[libcamera-devel] libcamera transform control

Fri Jul 24 01:10:03 CEST 2020

Hi David,

On Tue, Jul 21, 2020 at 10:19:30AM +0100, David Plowman wrote:
> Hi again
> 
> Replying again to my own discussion (I seem to be making a habit of this...)
> 
> On Mon, 20 Jul 2020 at 08:59, David Plowman wrote:
> >
> > Hi Laurent, Naush and everyone!
> >
> > Thanks for all the discussion while I was away!
> >
> > On Mon, 13 Jul 2020 at 23:27, Laurent Pinchart wrote:
> >> On Mon, Jul 13, 2020 at 09:16:19AM +0100, Naushir Patuck wrote:
> >>> Hi Laurent,
> >>>
> >>> David is away this week, so I'll reply with some thoughts and comments
> >>> in his absence.
> >>>
> >>> On Sun, 12 Jul 2020 at 00:28, Laurent Pinchart wrote:
> >>>> On Thu, Jul 09, 2020 at 09:13:56AM +0100, David Plowman wrote:
> >>>>> Replying to my own post to add comments from Naush and Jacopo!
> >>>>>
> >>>>> On Mon, 6 Jul 2020 at 14:32, David Plowman wrote:
> >>>>>>
> >>>>>> Hi everyone
> >>>>>>
> >>>>>> This email takes the previous discussion of image transformations and
> >>>>>> moves it into a thread of its own.
> >>>>>>
> >>>>>> The problem at hand is how to specify the 2D planar transformation to
> >>>>>> be applied to a camera image. These are well known to us as flips,
> >>>>>> rotations and so on (the usual eight members of dihedral group D4).
> >>>>>>
> >>>>>> Laurent's suggestion was to apply them as standard libcamera controls.
> >>>>>> Some platforms may be able to apply them on a per-frame basis; others
> >>>>>> will not (they will require the transform to be set before the camera
> >>>>>> is started - once this mechanism exists). (Is there anyway to signal a
> >>>>>> platform's capabilities in this regard?)
> >>>>
> >>>> Not at the moment, but I think we should add that information to the
> >>>> ControlInfo class.
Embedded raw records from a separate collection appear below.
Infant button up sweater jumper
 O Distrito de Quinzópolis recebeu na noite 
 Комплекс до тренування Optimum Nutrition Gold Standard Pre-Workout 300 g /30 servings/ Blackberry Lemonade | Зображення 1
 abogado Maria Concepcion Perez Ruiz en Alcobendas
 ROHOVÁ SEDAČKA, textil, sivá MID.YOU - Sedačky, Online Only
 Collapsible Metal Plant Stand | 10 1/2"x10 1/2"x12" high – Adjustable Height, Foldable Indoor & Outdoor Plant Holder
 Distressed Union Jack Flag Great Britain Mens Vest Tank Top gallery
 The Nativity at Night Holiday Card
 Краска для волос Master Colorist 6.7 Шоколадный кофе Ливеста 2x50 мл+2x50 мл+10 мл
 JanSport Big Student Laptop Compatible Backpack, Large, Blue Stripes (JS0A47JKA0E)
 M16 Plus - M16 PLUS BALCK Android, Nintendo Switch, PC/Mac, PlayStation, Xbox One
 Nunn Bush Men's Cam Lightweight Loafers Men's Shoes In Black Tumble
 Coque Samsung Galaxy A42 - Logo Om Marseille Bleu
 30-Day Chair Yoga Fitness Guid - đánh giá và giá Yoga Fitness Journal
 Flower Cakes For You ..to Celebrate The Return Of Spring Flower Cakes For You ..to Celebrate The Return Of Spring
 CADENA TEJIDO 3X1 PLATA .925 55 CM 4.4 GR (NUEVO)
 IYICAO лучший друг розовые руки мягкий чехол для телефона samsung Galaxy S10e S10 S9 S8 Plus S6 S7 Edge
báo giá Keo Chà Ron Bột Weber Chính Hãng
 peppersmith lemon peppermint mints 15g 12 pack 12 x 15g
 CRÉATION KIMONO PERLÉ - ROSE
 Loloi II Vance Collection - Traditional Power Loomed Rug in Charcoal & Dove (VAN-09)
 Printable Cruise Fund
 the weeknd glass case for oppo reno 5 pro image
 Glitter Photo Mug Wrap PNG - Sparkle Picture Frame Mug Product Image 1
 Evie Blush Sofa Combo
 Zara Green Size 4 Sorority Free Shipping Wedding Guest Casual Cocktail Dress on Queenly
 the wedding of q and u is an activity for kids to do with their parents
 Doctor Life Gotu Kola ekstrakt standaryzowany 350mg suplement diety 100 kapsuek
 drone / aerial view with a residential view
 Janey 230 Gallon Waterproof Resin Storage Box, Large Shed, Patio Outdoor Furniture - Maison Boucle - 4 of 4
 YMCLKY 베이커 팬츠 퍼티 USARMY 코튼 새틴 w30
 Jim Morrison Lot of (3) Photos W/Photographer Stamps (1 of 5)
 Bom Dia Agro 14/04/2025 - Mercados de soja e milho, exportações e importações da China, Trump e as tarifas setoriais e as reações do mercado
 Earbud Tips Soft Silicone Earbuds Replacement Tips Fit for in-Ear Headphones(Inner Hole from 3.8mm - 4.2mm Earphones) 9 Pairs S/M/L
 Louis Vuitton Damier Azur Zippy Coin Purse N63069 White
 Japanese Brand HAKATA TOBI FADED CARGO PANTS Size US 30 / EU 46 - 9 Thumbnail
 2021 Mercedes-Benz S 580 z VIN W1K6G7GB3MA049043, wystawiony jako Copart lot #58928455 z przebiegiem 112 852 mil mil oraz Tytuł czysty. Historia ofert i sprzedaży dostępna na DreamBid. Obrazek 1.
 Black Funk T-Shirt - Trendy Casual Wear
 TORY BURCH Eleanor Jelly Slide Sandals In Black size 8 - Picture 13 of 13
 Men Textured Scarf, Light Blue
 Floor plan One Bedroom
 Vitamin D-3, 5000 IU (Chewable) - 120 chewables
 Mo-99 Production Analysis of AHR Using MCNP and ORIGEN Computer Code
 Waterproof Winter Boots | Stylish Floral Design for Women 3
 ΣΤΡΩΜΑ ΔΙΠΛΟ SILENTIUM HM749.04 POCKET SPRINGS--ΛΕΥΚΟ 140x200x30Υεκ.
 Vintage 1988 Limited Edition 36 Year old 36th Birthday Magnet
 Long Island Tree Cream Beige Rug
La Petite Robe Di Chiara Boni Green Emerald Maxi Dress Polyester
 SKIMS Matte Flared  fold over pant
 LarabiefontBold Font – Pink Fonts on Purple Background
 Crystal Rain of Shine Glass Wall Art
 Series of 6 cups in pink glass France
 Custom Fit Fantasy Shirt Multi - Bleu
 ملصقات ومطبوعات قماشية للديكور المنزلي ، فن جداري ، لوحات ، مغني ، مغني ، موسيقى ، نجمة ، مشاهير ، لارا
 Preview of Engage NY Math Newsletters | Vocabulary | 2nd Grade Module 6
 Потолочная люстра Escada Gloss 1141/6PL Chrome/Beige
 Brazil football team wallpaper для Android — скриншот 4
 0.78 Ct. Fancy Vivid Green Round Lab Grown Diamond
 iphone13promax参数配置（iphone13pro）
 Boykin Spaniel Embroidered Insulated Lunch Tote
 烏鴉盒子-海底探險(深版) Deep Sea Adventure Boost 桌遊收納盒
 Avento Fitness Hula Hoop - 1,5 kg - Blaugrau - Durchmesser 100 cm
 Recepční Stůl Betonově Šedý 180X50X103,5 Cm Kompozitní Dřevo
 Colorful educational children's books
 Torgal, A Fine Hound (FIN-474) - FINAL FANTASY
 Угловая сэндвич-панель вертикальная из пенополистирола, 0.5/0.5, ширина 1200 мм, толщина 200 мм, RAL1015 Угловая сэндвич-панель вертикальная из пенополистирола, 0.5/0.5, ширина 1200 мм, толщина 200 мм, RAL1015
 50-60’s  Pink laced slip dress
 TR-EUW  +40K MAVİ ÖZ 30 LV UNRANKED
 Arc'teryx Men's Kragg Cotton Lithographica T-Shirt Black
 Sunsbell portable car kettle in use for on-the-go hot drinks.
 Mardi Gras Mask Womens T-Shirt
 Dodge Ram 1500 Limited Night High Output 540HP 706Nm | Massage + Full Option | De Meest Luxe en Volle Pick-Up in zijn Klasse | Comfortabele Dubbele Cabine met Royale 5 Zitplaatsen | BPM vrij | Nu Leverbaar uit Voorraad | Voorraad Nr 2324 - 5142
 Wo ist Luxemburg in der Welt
It should be fairly straightforward, we can add a
> >>>> flags field, with a single field defined for now to tell whether the
> >>>> control can be modified per frame or has to be set before starting the
> >>>> camera.
> >>>
> >>> That would work.  However, I do struggle to see what would require an
> >>> application to change the orientation on a per-frame basis.  In
> >>> particular, if the change in orientation requires a transpose
> >>> operation, then the buffer sizing might also change due to alignment
> >>> constraints, and these would almost certainly require a set of buffer
> >>> re-allocations unless you pre-allocate for the largest possible size.
> >>> Of course, that is not to say that there may be other controls that
> >>> can only be set on startup (I cannot think of any specific ones right
> >>> now).
> >>
> >> While we could in theory support a change of rotation at runtime
> >> (assuming the kernel drivers and APIs would let us do so), I don't think
> >> that would be particularly valuable. The main use case I could image
> >> would be flipping the image horizontally, a.k.a. mirroring, for video
> >> conferencing use cases where the user may want to enable or disable
> >> mirroring for the local display.  One could however argue that platforms
> >> used for video conferencing with a local display would likely have a GPU
> >> that would handle the composition, making mirroring easy to implement on
> >> the display side, but there could be other similar use cases on less
> >> powerful platforms. We could force a stop/start sequence in that case,
> >> but are there drawbacks in allowing this to be changed at runtime ?
> >
> > To me it seems a reasonable compromise to go with the standard Control
> > mechanism, but perhaps to add a flag indicating whether you have to
> > apply the control _before_ starting the camera, or whether you can
> > apply it after. As Naush says, it could get quite hairy trying to do
> > it in the sensor, or if you had an inline ISP that was doing it, and
> > figuring out which frame after the request would actually have the
> > change might be awkward.
> 
> I wanted to add a couple of further comments to this. Quite commonly,
> transforms may be implemented in the sensor. This means that whenever
> you set or change the transform, the pixel format of the raw stream
> may change too. In fact I've already seen this kind of problem - under
> some circumstances the Bayer order recorded in qcam's DNG files can be
> wrong.
> 
> So we need to consider the interaction of the transform control with
> the raw stream format. Specifically:
> 
> * If we change the transform at run time, are we prepared for the raw
> stream format to change spontaneously? Would requests have to contain
> metadata saying what the pixel format of the raw stream was for that
> capture?
> 
> * We've talked about passing an initial ControlList into either the
> configure or start method. Whichever approach one takes, you've got to
> be careful about exactly when the raw stream pixel format may or may
> nor be correct.
> 
> All this keeps nudging me back to an initial thought that the
> transform should be a bona fide field in the stream configuration. You
> set it before calling configure, and it never changes. All these
> problems simply disappear.
> 
> Thoughts?

I agree it would make things simpler, at the cost of not supporting some
use cases that are currently considered as uncommon, if not rarer. It
would probably be a field in the CameraConfiguration instead of the
StreamConfiguration though, as the transformation is mostly applied at
the sensor level.

I wonder if we should start with this, and later add controls at the
stream level (which we don't have at the moment) to apply per-stream
transformations, if we encounter hardware that supports this.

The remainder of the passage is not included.